Molecular pathophysiology
Over the past decade, there have been many studies using model systems to recapitulate so-called single gene (or monogenic) versions of autism, such as fragile X syndrome and tuberous sclerosis complex, which are cumulatively estimated to account for <10% of clinical cases of autism51. In addition, more recent studies have modelled the effects of rare and de novo mutations identified in idiopathic autism. This literature is too vast to review comprehensively here52,53. Although the study of autism risk genes in model systems has revealed a great deal about general biology, how these findings relate to the pathophysiology of autism is less clear48,49. In general, autism risk genes tend to have a role in multiple functions in many brain regions that unfold in a spatiotemporally defined manner across development. Consequently, although manipulation of a single risk gene in a model system may lead to interesting phenotypes, including social-behavioural phenotypes in evolutionarily distant organisms, it does not necessarily illuminate its contribution to human social disability. Moreover, although a single mutation can confer a several-fold increase in the risk of autism, these variants do not demonstrate the type of causal clarity that is associated with classic monogenic neurodevelopmental disorders such as fragile X syndrome, Angelman syndrome, Rett syndrome or tuberous sclerosis complex. In addition, the well-established sexual dimorphism of social disability adds yet another dimension to the expansive search space that exists between risk genes and human behaviour48. The challenges of disentangling the spatiotemporal dynamics of risk gene expression and protein function are made even more difficult by the reality that these may play out differently in males and females.
Owing to these challenges, multiple approaches have emerged focusing on convergence38,40,54,55,56,57, that is, searching for points of commonality across different autism risk genes, with the reasoning that this approach could identify shared pathological mechanisms. In fact, the earliest successes in gene discovery quickly revealed important general properties that have held up well over time, including that, prima facie, most proteins encoded by autism risk genes are involved in either synaptic structure and function or chromatin modification and regulation of gene expression38,46,47,58 (Fig. 3). More recently, there has been an additional focus on spatiotemporal convergence and several studies have supported a nexus in mid-fetal, glutamatergic neurons during cortical development, with modestly divergent findings regarding deep56 versus superficial54 cortical layers. With improvements in technology, additional regions, including the striatum, have also begun to emerge as points of potential risk convergence for autism59.
Simplified schematic of the major cellular components of a neural circuit in the cerebral cortex, with a focus on pyramid-shaped glutamatergic excitatory projection neurons. Proteins encoded by selected high-confidence (false discovery rate < 0.1) autism risk genes34 and proteins encoded by selected syndromic autism genes have a role in these neurons during development. These proteins have a diverse intracellular distribution: those at the synapse have roles in cell adhesion, scaffolding and signalling. In addition, some of these proteins are localized to the nucleus and have been shown, broadly, to mediate chromatin modification and transcriptional control. Syndromic autism genes include FMR1 (encoding fragile X mental retardation protein; fragile X syndrome), UBE3A (encoding ubiquitin-protein ligase E3A; Angelman syndrome), TSC1 and TSC2 (encoding hamartin and tuberin; tuberous sclerosis complex), PTEN (encoding phosphatase and tensin homologue) and MECP2 (encoding methyl-CpG-binding protein 2; Rett syndrome). GABA, γ-aminobutyric acid; Ub; ubiquitin. Adapted with permission from ref.48, Elsevier.

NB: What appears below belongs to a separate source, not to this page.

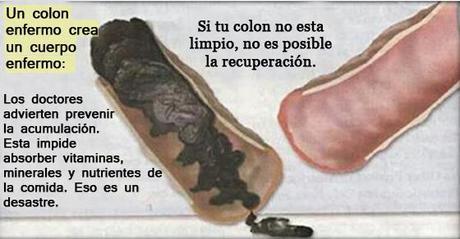 limpieza-de-colon-natural
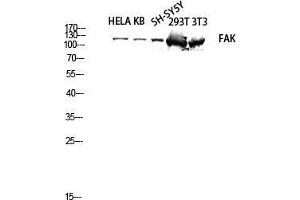 Western Blot (WB) analysis of HeLa KB SH-SY5Y 293T 3T3 lysis using FAK antibody. (FAK Antikörper  (Thr402, Thr421, Thr423))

The ability to constrain future experiments to examine mutations in specific risk-associated regional, cellular and developmental contexts should allow narrowing in on relevant mechanisms. Of note, one study used single-cell technologies to examine specific cell types and developmental stages using brain tissue from people with autism60, and demonstrated changes in transcription in multiple cell types, including upper-layer cortical neurons. These types of post-mortem studies ask important but somewhat broader questions from the approaches described above regarding the underlying pathology and how the brain changes and responds to pathology over time. In these studies, similar to any cross-sectional study, it can be challenging to differentiate cause from effect. Consequently, the pursuit and intersection of studies that seek to define convergence early in development and those that examine subsequent molecular, cellular and circuit level changes will be critical to illuminating pathological mechanisms.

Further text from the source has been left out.